3 things you need to know about sex during pregnancy

July 16, 2013 12:00 AM by

It doesn't matter if you're a first time mother or you're an old champ at this babymaking game – as each trimester passes by, there's one thing you've probably been asking yourself each step of the way: Is it still okay to have sex?

Maintaining an active and fulfilling sex life is a major consideration for couples as pregnancy progresses, especially since it may be trickier once that little guy or gal arrives.

If you're adding another baby to the household, you may be used to working your sexy times around your duties as a parent, but that doesn't mean a new bundle of joy won't throw a wrench in those plans – at least for a few months anyway!

As a result, you may find yourself eager to make the most of your sex life while you're getting ready for baby, but there are a few things you should definitely keep in mind. The following are three important tips to be mindful of as you plan for sex during your pregnancy.

1. Sex during pregnancy is perfectly fine
The biggest stumbling block when it comes to sex while expecting is the belief that many moms-to-be have, which is that sex may not be okay during pregnancy. However, intercourse while carrying a baby is perfectly normal – and truthfully, could even be much more pleasurable, since the body is going through significant changes that can help increase sensitivity and your responsiveness to your partner.

2. Sex won't hurt the baby
Some moms-to-be get concerned that sex could have a negative impact on the baby when they're getting down to business. But the fact is, there are many barriers between your partner and your baby, who is also being protected by the amniotic fluid in your uterus. You can relax and enjoy yourself during sex – your developing baby won't even notice!

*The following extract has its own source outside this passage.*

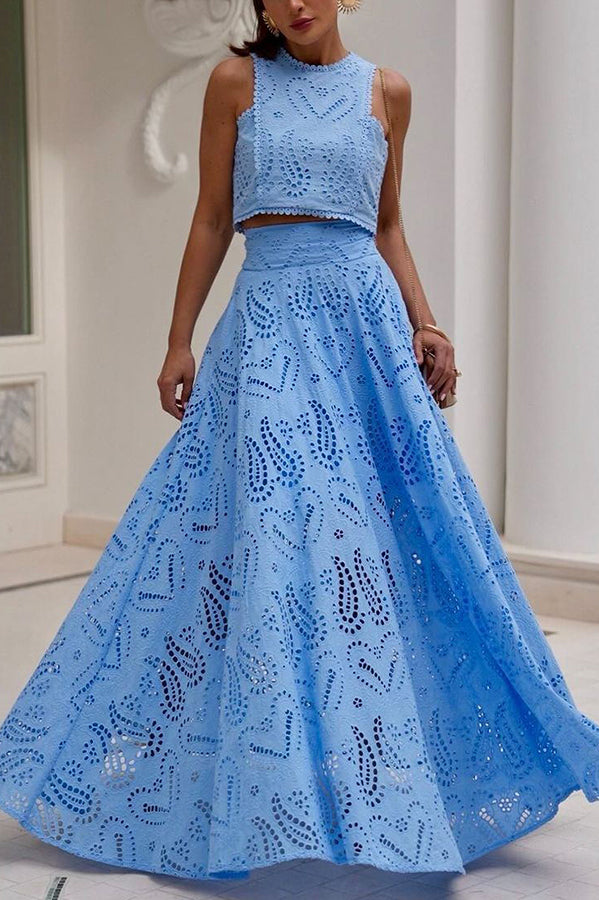 Two-Piece Set with Embroidery and High-Waisted Skirt with Pockets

3. Talk to your doctor if you're worried
Sex during pregnancy can be as satisfying as it was before you found out about your special delivery, but in some instances, you may encounter issues. Certain intimate acts between you and your partner may leave you feeling less than great, in which case, you shouldn't hesitate to talk to your healthcare provider about the concerns you're having.

If you're experiencing unexpected bleeding, are leaking amniotic fluid or have a history of preterm or premature labor, you may want to avoid sex, at least until you can speak with your doctor and gain insight into what else may be going on.

But, in general, don't be surprised if you also notice a change in your overall sex drive while you're expecting – some women feel more desirable than ever before, while others may be less inclined to get down to business. No matter what, it's important for you to listen to your body and pay attention to signals that it may be sending. You don't want to miss out on the opportunity to connect closer with your partner!